Lawyers Donna Newman and Andrew Patel told the high court in papers filed Tuesday that the justices must step in "to preserve the vital checks and balances" on the president.

In an another twist to the case, Solicitor General Paul Clement asked the Supreme Court Wednesday to order Padilla's transfer from military to civilian custody immediately.

In their filing, Newman and Patel cited the Bush administration's interpretation of the president's war powers to justify its decision to hold Padilla — until recently — without charges in a military brig in South Carolina.

Padilla's lawyers also said President Bush abused his war powers authority by approving warrantless surveillance of conversations between people in the United States and abroad who had suspected terrorist ties.

Such developments "underscore the need for this court to address the fundamental constitutional questions presented by this case," the lawyers wrote.

"The government continues to defend this sweeping view of the president's power to substitute military law for the rule of law and seeks to expand it further, arguing that the very authorities that it says justify the indefinite detention without charge of citizens also justify widespread spying on citizens without judicial warrant or Congressional notification," Padilla's lawyers said.

Padilla's appeal deals not only with the broad questions of presidential power, but also seeks to resolve whether Padilla should remain in military or civilian custody.

Last week, the Richmond-based 4th U.S. Court of Appeals urged the Supreme Court to take the case after chastising the administration for shifting its tactics in the Padilla case and warning the government that it was risking its credibility with the courts.

A three-judge appellate panel refused the administration's request to vacate a September ruling that gave Bush wide authority to detain "enemy combatants" indefinitely without charges on U.S. soil.

The decision, written by Judge J. Michael Luttig, questioned why the administration used one set of facts before the court for 3 1/2 years to justify holding Padilla without charges but used another set to convince a grand jury in Florida to indict him last month.

Clement, in Wednesday's emergency filing with Chief Justice John Roberts, said the appeals court overstepped its authority and its decision "defies both law and logic" because Padilla's lawyers also want him transferred to civilian custody.

He said the decision also was improper because it amounted to "an unwarranted attack on the exercise of executive discretion."

Roberts could rule himself or refer the transfer request to the entire high court.

Padilla, a former Chicago gang member, was arrested in 2002 at Chicago's O'Hare Airport as he returned to the United States from Afghanistan. Initially, then-Attorney General John Ashcroft alleged Padilla planned to set off a radiological device known as a "dirty bomb."
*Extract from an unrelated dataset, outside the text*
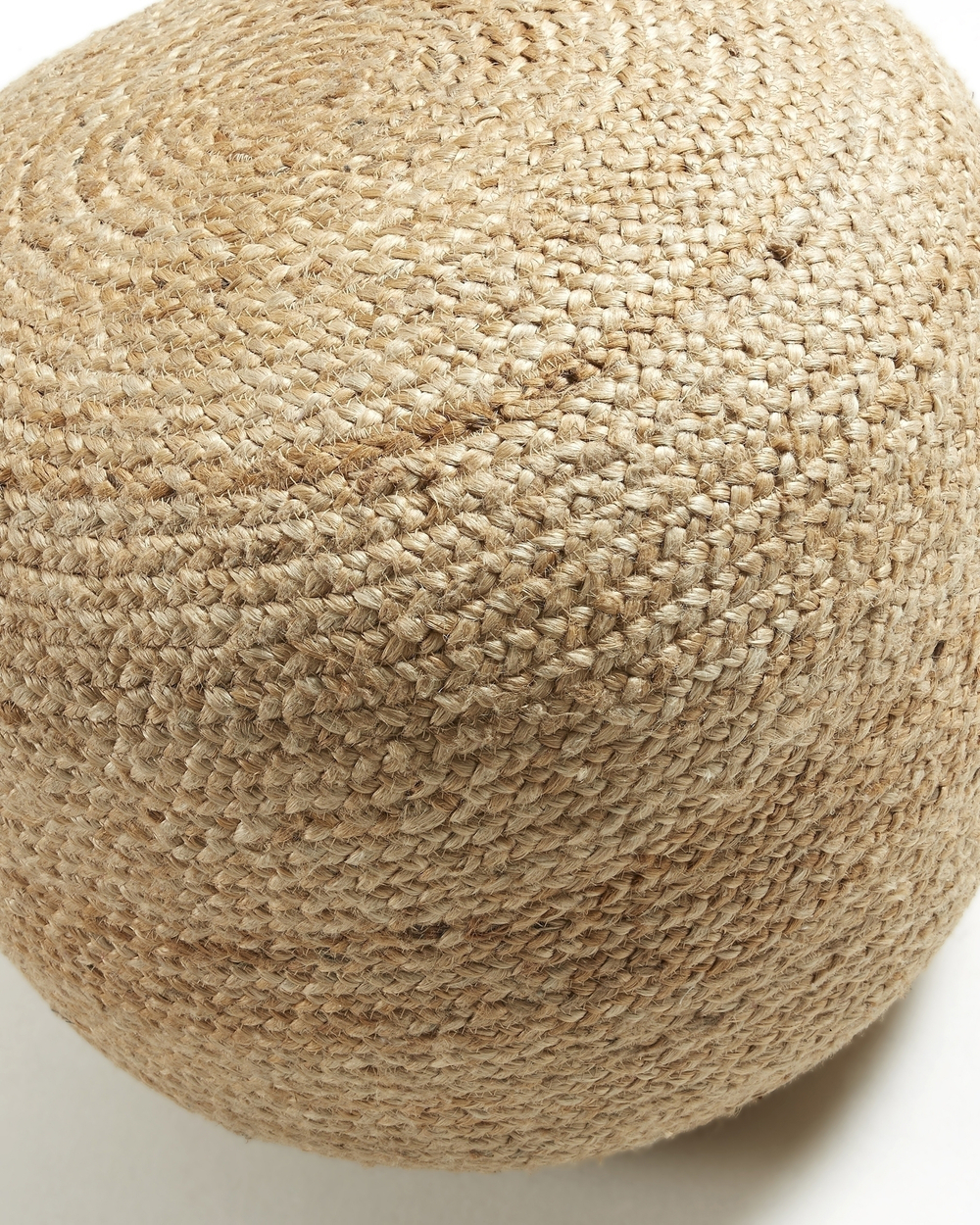 Пуф Dip бежевый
The administration then argued before federal courts in New York and Virginia that Padilla should be held without charges because he had come home to carry out an Al Qaeda backed plot to blow up apartment buildings in New York, Washington or Florida.

Last month, a grand jury in Miami charged Padilla with being part of a North American terror support cell that allegedly raised funds and recruited fighters to wage violent jihad outside the United States.